LSA occurs in both the sexes with two peaks, first prepubertal and the other postmenopausal. The male-to-female ratio varies from 1:3 to 1:10.^[1] The prevalence is estimated at 0.1% for children and 3% for women over 80-year-old.^[1] In the anogenital area, initially, only a slight redness may be seen. Atrophic skin, lacerations, depigmentation and scarring of the clitoris and the labia minora typically occur later in the course of disease. In men, sclerosis and narrowing of the foreskin can result in erectile dysfunction. Extragenital lichen sclerosus is less common, seen in 15–20% and usually found on the trunk, neck and upper limbs.^[4] Extragenital lichen sclerosus is usually asymptomatic, presents with whitish papules, plaques and is not associated with an increased risk of malignant transformation.

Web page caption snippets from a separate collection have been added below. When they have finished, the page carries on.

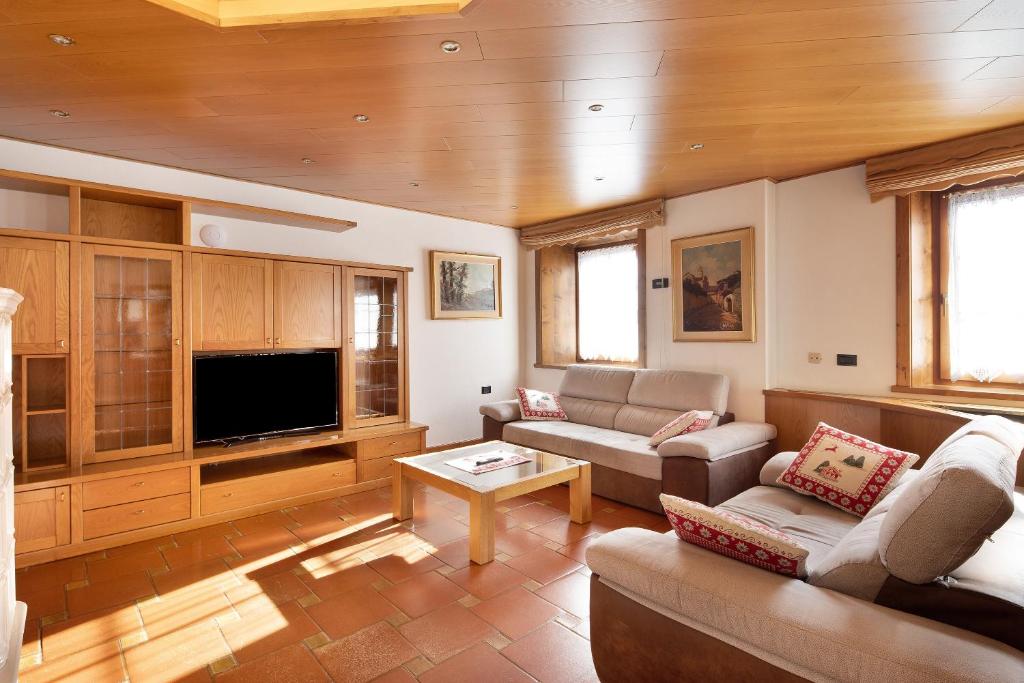 a living room with a couch and a tv at Chalet Gaste Big Family in Livigno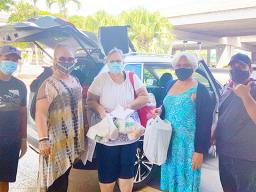 People providing food for veterans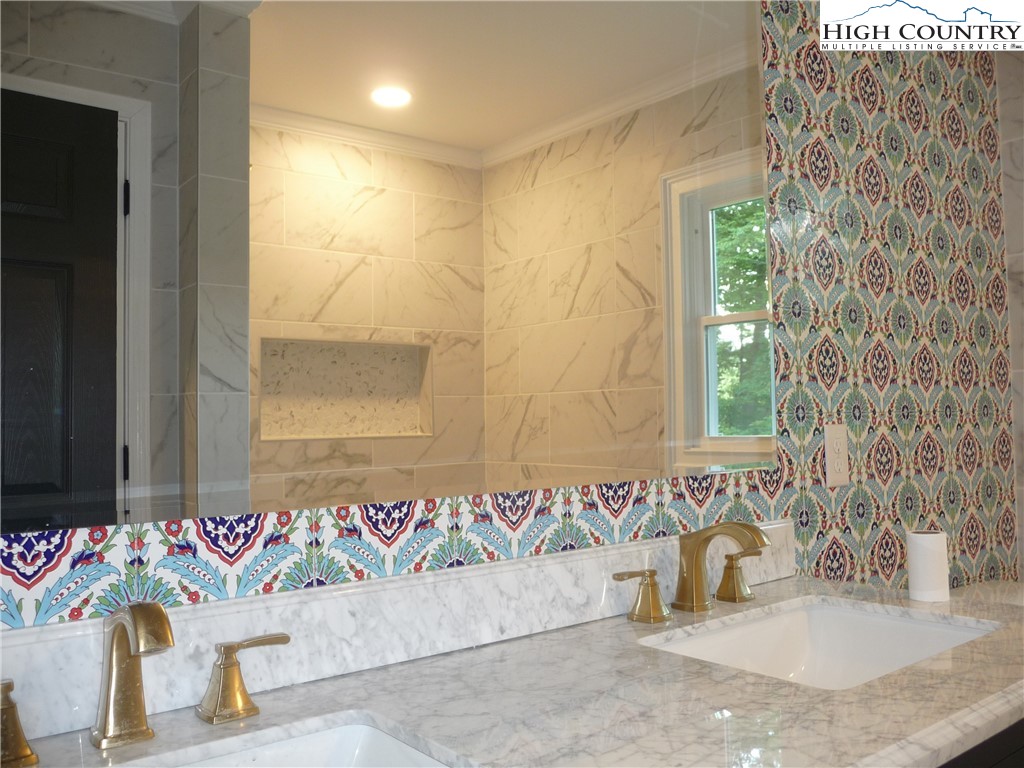 384 New River Heights Road Boone, NC 28607 - Photo 20 of 45 a bathroom with a granite countertop sink and a mirror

The main differential of genital LSA is vitiligo. Unlike vitiligo, LSA lesions are atrophic, might extend perianally and are mostly symptomatic. Vulvar intraepithelial neoplasia (VIN) needs to be ruled out in all cases of LSA. VIN can progress to vulvar squamous cell carcinoma (SCC) and should be considered as a differential in case any ulceration or erosion develops. Extragenital LSEA needs to be differentiated from morphea. A multicentric prospective study from France reported that 38% of patients of morphea had genital LSA. However, there are also few case reports of vulval lichen planus-LSA overlap.^[1]

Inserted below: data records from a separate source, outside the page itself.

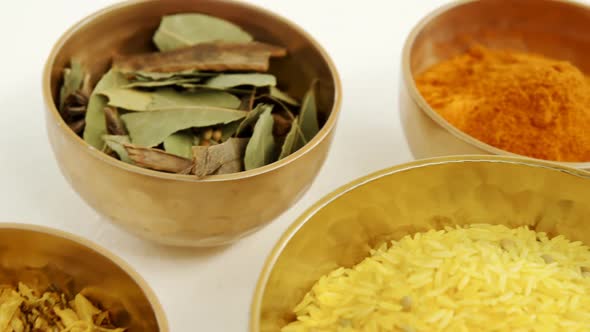 Various spices in bowl on white background 4k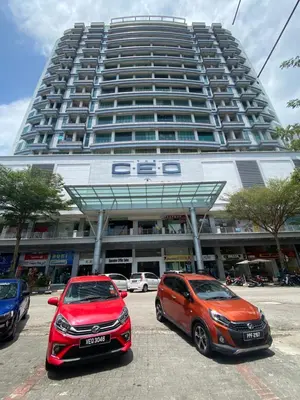 two cars parked in front of a large building at 6PAX ONE BEDROOM SOHO near USM SPICE ARENA PANTAI SPECIALIST AIRPORT in Bayan Lepas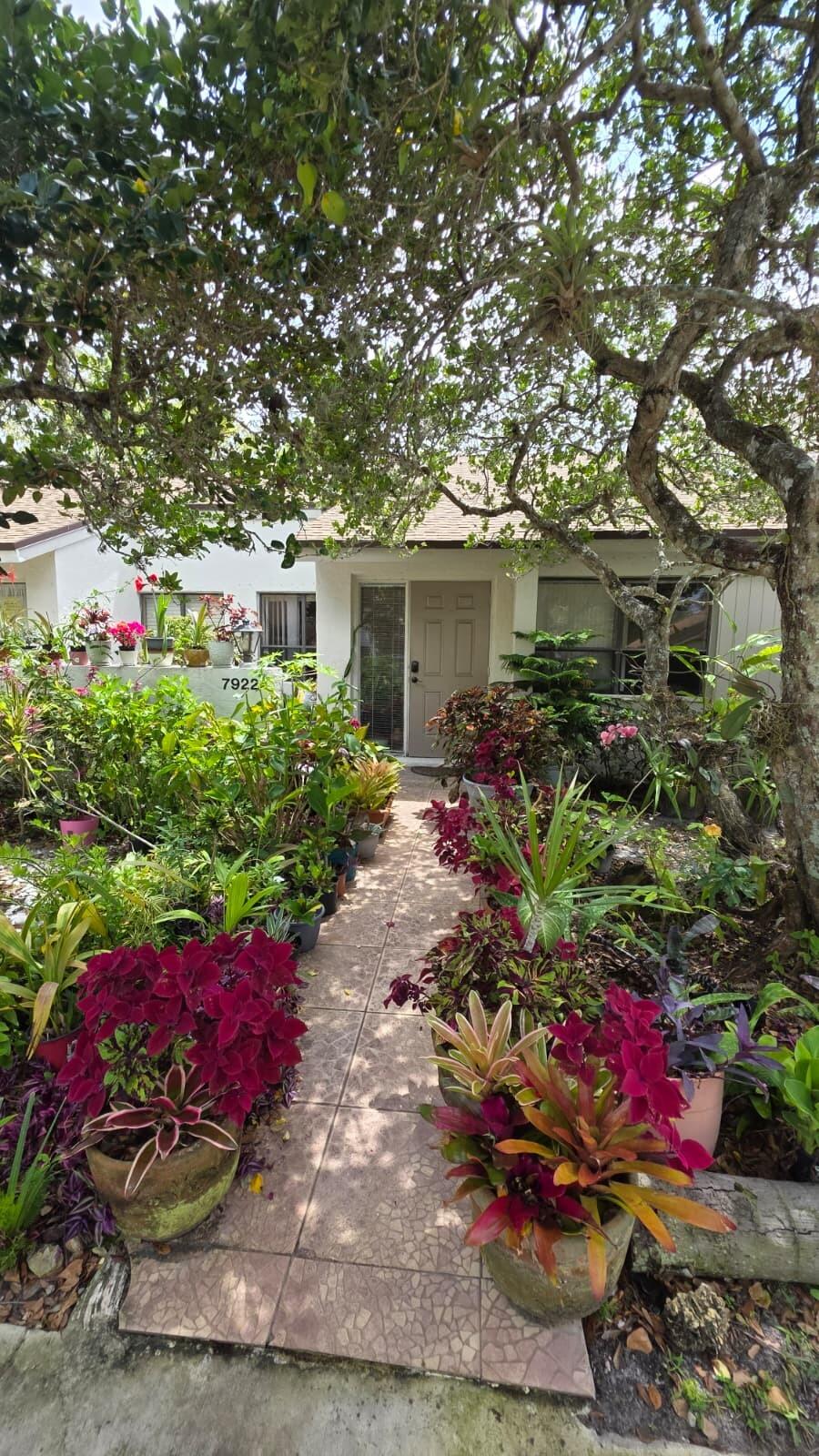 LOCATION, LOCATION:   Welcome to your peaceful escape in the heart of Plantation. Close to Shopping, Restaurants, Highways, University and the popular 'PLANTATION WALK'.   Immaculate well kept 2/2 villa in an established, quiet community of Alpine Woods of Jacaranda. Desirable one story, with bright and open concept living space, vaulted ceilings throughout,  spacious kitchen and two master bedrooms. Laminate floors throughout most of common living and 1 bedroom. Private screened outdoor area, overlooking the water, perfect for mediation, yoga or quiet mornings.  These villas rarely come available so get it while you can.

Dermoscopy of genital LSA shows patchy structureless whitish-yellow areas with associated linear telangiectasias or dotted vessels. In our case, only whitish-yellow structureless areas were seen. In extragenital LSA, whitish-yellow structureless areas with follicular plugs are seen, as was visible in our case. Dermoscopy can help us to differentiate it from VIN which shows pink to red structureless areas and curvy, short serpentine and some dotted vessels. Histopathology of our case showed focal vacuolar degeneration of basal layer and hyalinisation in the papillary dermis, with mild perivascular lymphohistiocytic inflammation, consistent with the findings expected in LSA.

CONCLUSION

Thus dermoscopy is a useful tool to diagnose LSA, both genital and extragenital and to distinguish it from our differentials. HPV genotyping in LSA helps us in the early detection of SCC.^[5] These patients can then be managed medically with topical super-potent steroids.

Coexistence of genital and extragenital LSA with the use of dermoscopy as a diagnostic tool is put forth in this case report.